When President Donald Trump recognized Jerusalem as the capital of Israel and announced he would install an embassy in the Holy City in December 2017, the foreign policy establishment said bad things would follow.
European Union foreign policy chief Federica Mogherini warned the move "has the potential to send us backwards to darker times than the one we already are living in." Then-British Prime Minister Theresa May said the move was "unhelpful in terms of prospects for peace in the region."
Former Secretary of State John Kerry warned it would cause "an explosion in the region." Sen. Dianne Feinstein, D-Calif., urged Trump not to recognize Jerusalem as Israel's capital lest the move "spark violence and embolden extremists on both sides of the debate."
The moment shined an unforgiving spotlight on Washington's fecklessness -- really, its comfort with failure that fits within the Beltway's business-as-usual mold versus success reached through unusual channels.
Before Trump, the grown-up thing to do was to give lip service to an embassy in Jerusalem without even pretending to follow through after winning the election, as former Presidents Bill Clinton and George W. Bush did.
Likewise, the Senate passed the Jerusalem Embassy Act in June of 2017 -- as it did regularly since 1995 when then-Sen. Joe Biden, D-Del., supported the bill, without delivering a doorknob. Feinstein was one of 90 Senators to vote in favor of the measure in 2017, and still, she opposed the embassy move.
Not a single sitting Democratic senator or member of the House showed up for the historic embassy opening in May 2018 after so many years of voting to move the building.
Last month, the United Arab Emirates normalized relations with Israel. Bahrain followed shortly thereafter. Which country will be next? There's talk of Sudan. At Thursday's daily briefing, Press Secretary Kayleigh McEnany said Trump is "the only president to have overseen the normalization of relations between Israel and two Middle East countries."
In Las Vegas recently, Trump told me that he thought Saudi Arabia would follow "at the right time."
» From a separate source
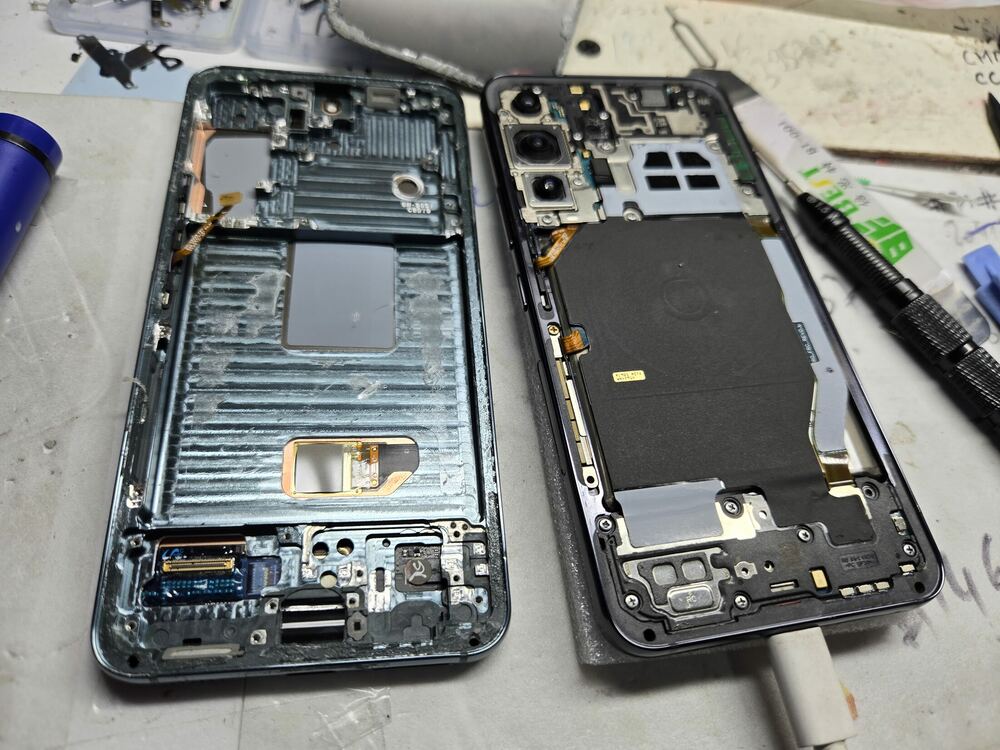 Galaxy S22 ouvert à l'atelier : ancien châssis à gauche, nouveau châssis complet à droite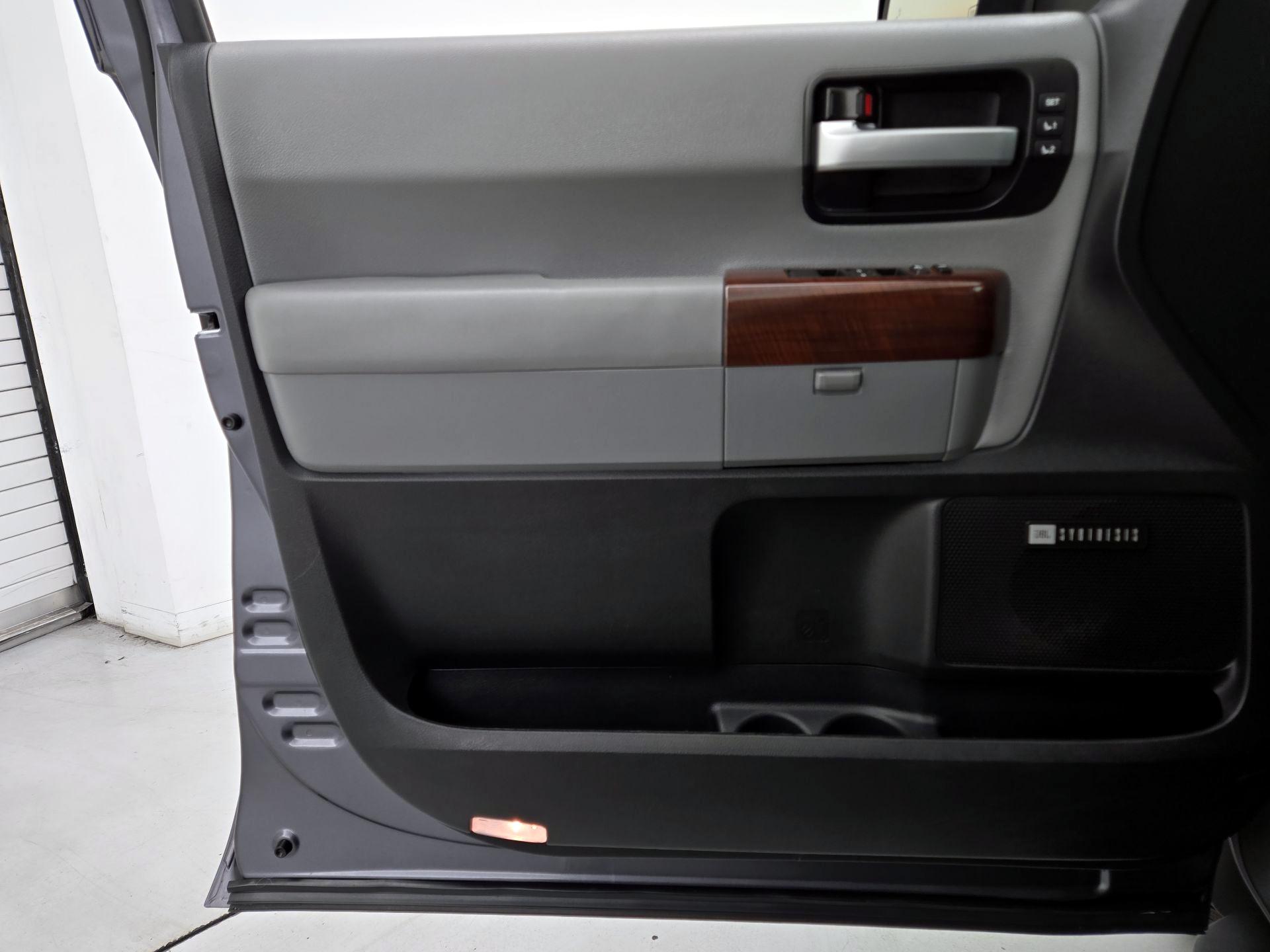 Thumbnail: 2017 Toyota Sequoia - 12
President Barack Obama's Iran deal united Israel and Arab states in opposition to the deal, Jonathan Schanzer of the Foundation for Defense of Democracies noted. To his credit, Trump saw the opening, won the trust of Gulf leaders and showed the world that the path to peace could be paved without Palestinian leaders, if it came to that.
And Trump did it with his real estate developer son-in-law turned White House senior adviser Jared Kushner to broker "the deal of the century."
Aaron David Miller, a senior fellow at the Carnegie Endowment for International Peace, admitted in The Washington Post Wednesday, "The developments confounded the predictions of many peace process veterans -- me included."
Otherwise, "it would seem the majority of the peace process community is eager to return to the failed paradigm of the past," Schanzer noted. "They are literally pining to return to failure."
In April, former Vice President Joe Biden said that the embassy move was "short-sighted and frivolous" but that since it was done, he would not move the embassy back to Tel Aviv. But: "My administration will urge both sides to take steps to keep the prospect of a two-state solution alive."
Really? Because that worked so well?
I spoke with former Sen. Dean Heller, R-Nev., one of four GOP senators who supported the embassy move on paper and attended the event in real life. He predicted it will be in history books 300 years from now and he credited it for the recent peace pacts.
Heller, who lost a reelection bid in 2018, told me, "I was disappointed that Democrats decided to boycott the event." But, he added, "That's just politics in America today for you."